Callaway is a one-person library, supporting a research department, clinical staff, allied health, residents, philanthropic activities, and administration at her traumatic injury center. “You have to be creative when you have so many different types of patrons,” she says. She increases her visibility and outreach by joining rounds, attending regular meetings with administration, and maintaining research times with residents. But she needed to be proactive to get herself established in these meeting spaces.

Ultimately, it comes down to the day-to-day questions clinicians and other stakeholders have and need researched, which can come in by email, in person, by chat, or by phone. Kraft says she looks at the ideal librarian-clinician relationship as collaborative.

Railey agrees, noting her relationship with clinicians needs to function as a “partnership” in order to meet the goals of patient care. A big part of that is transparency and clear communication of clarifying information to save time for both librarian and clinician.

Training can assist with this, adds Callaway. By adding library orientation to the new clinician onboarding process at her organization, she has found a significant decrease in the amount extraneous requests, plus she believes it has helped clinicians feel more familiar and comfortable with her as a colleague and resource.

How else do medical librarians reach their stakeholders?

  • Staff in-services – Offering research training has been helpful for Kraft, who has the advantage of an internal marketing department to help promote these opportunities. Her organization’s Education Institute also requires internal medicine residents to go through an in-person research exercise with a medical librarian.
  • Reporting ROI – Railey helps communicate the library’s value by sending a notation of how many dollars were saved in purchase or subscription fees with each article she sends to users.
  • Engage advocates – Professionals who are already supporters of the library are great resources for spreading the word. They can be engaged as speakers at library events.

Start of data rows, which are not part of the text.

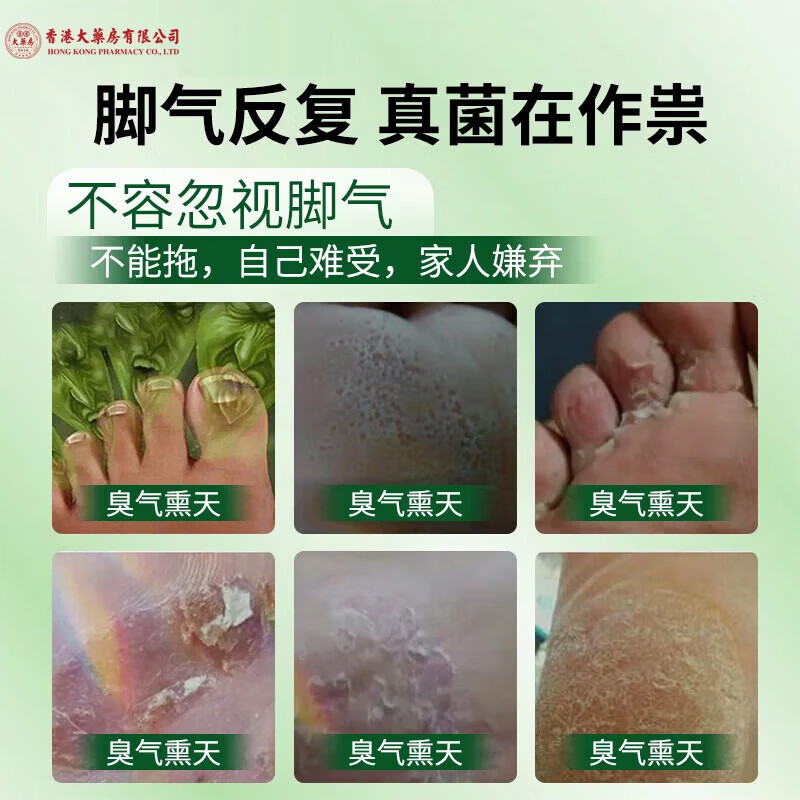 香港大药房真菌王草本皮肤膏全身可用痒私处手足护理温和旗舰 1瓶【单瓶体验】推荐周期装
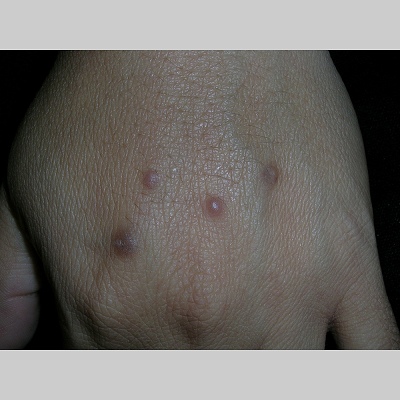 prurigo-nodularis-hand42yoHW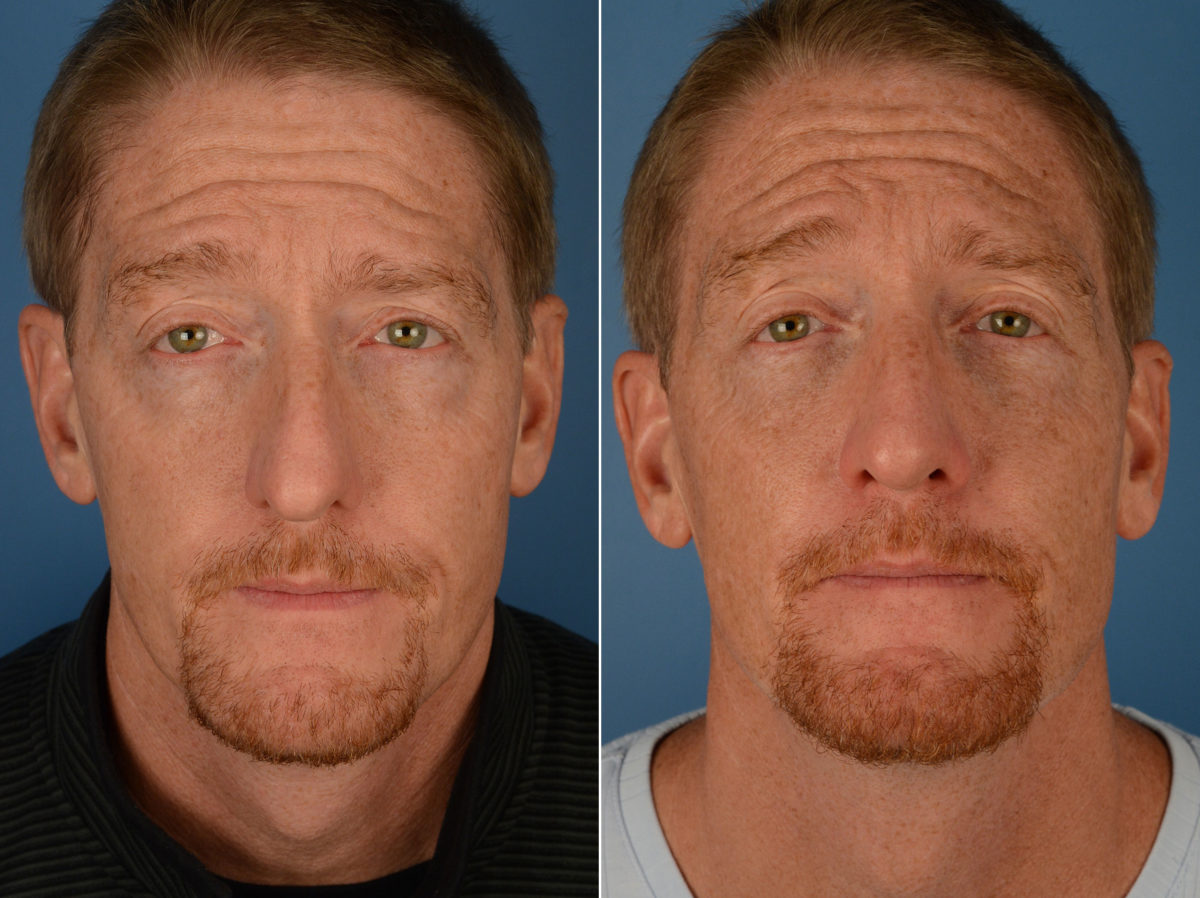 Rhinoplasty Before and After Photos in Naples, FL, Patient 12968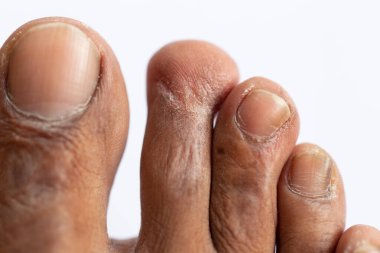 Pattern of Atopic eczema and fungal diseases on the human body.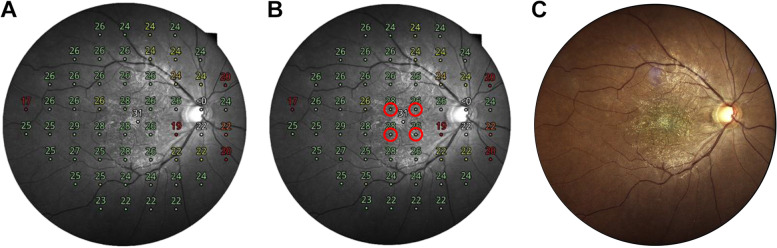 Fig. 1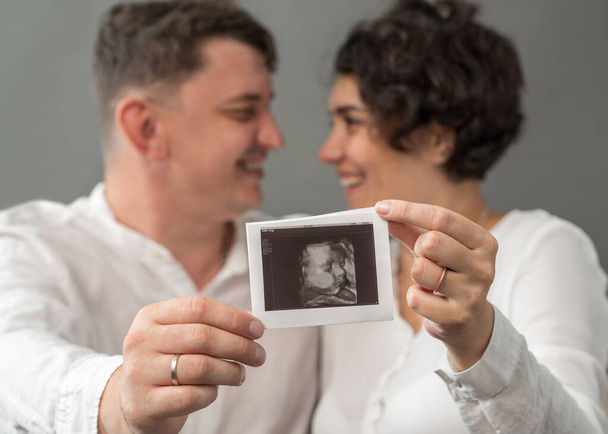 Una mujer embarazada y su marido tienen en sus manos una foto de su futuro bebé recién nacido. Embarazo, maternidad - Foto, imagen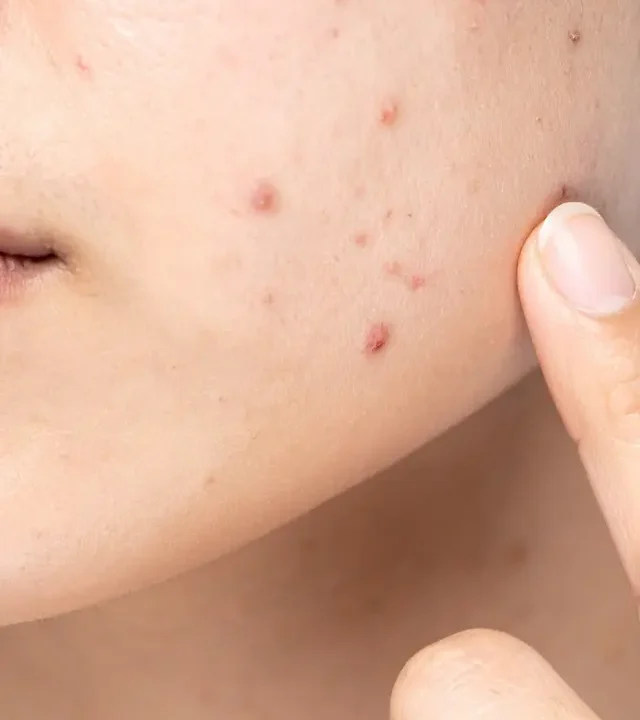 Acne & Pimples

But sometimes, Kraft notes, just their support within the administration is enough. “By helping them achieve their goals, that makes your value go up higher to them, and they become your advocates later on.”

Where will the health librarian be in five years?

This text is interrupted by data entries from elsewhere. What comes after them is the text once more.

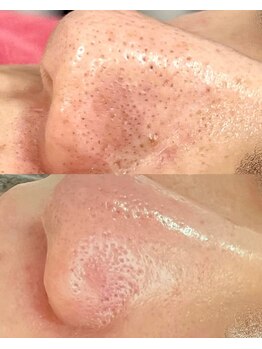 クレーヌ(CREINE)/黒ずみ毛穴がすっきり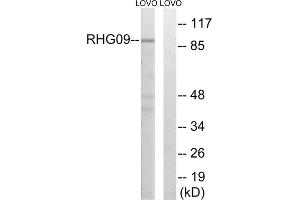 Western blot analysis of extracts from LOVO cells, using RHG9 antibody. (ARHGAP9 anticorps  (Internal Region))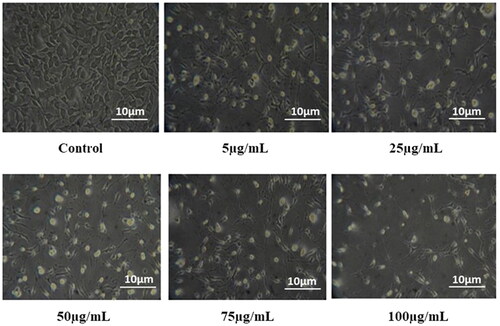 Figure 5. In vitro cytotoxicity of synthesized ZnONPs against L929 cell lines at various concentrations.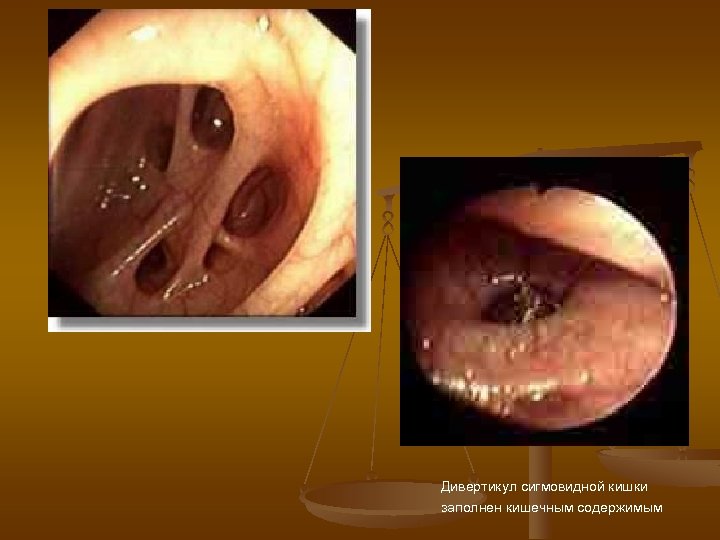 Дивертикул сигмовидной кишки заполнен кишечным содержимым 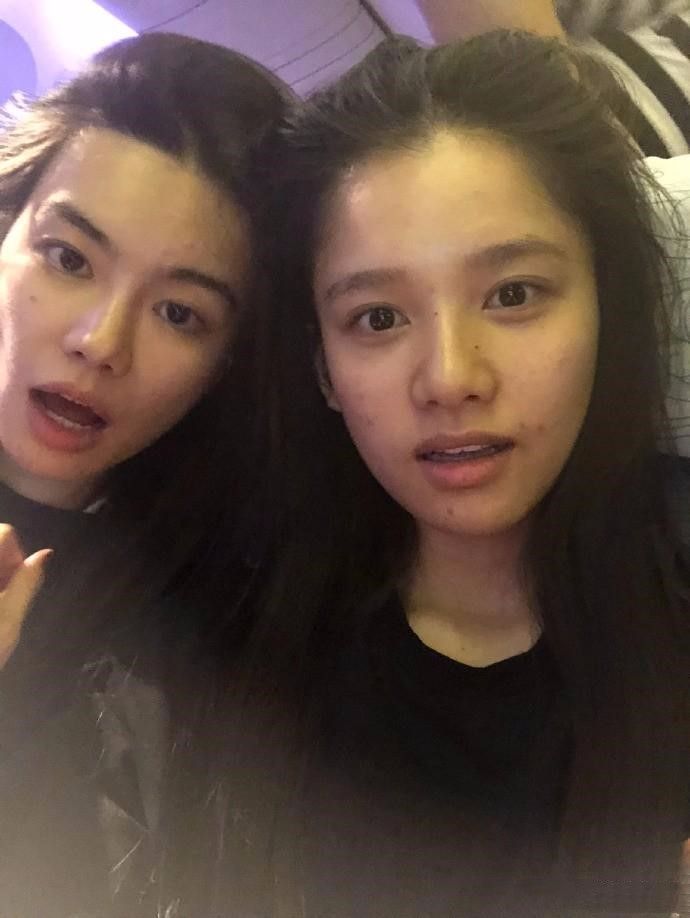 陈坤新签的小花张婧仪晒素颜脸上痘痘粒粒可见太真实了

Looking forward to how their roles will continue to evolve, the panel agrees, it’s hard to see past the immediate financial concerns brought on by COVID-19.

“The economic fallout with COVID has hit our hospitals the worst,” observes Railey. “Our budget is flat for 2023, and I’m glad we at least get the same money, but it doesn’t give us room to do anything new. It’s going to take at least five years for hospitals to even begin to level out.”

In addition to the budget crunch, the health librarians are concerned about:

  • Higher prices for CDS subscriptions.
  • What U.S. government-mandated open access policy will bring in terms of response from publishers?
  • More security around electronic resources makes access and sharing more complicated.
  • Difficulty of achieving resource equity – making sure all satellite locations have at least the same baseline of resources.

“Everybody thinks of COVID as being done or that we’re living with it,” Kraft says. But with health systems reporting record losses, nursing shortages still at crisis levels, and potential revenue boosters like surgeries still not back to their pre-COVID levels, “it’s going to take us a long time to get out. That’s one of the reasons a third of the hospitals in the U.S. are in financial jeopardy. It’s the perfect storm.”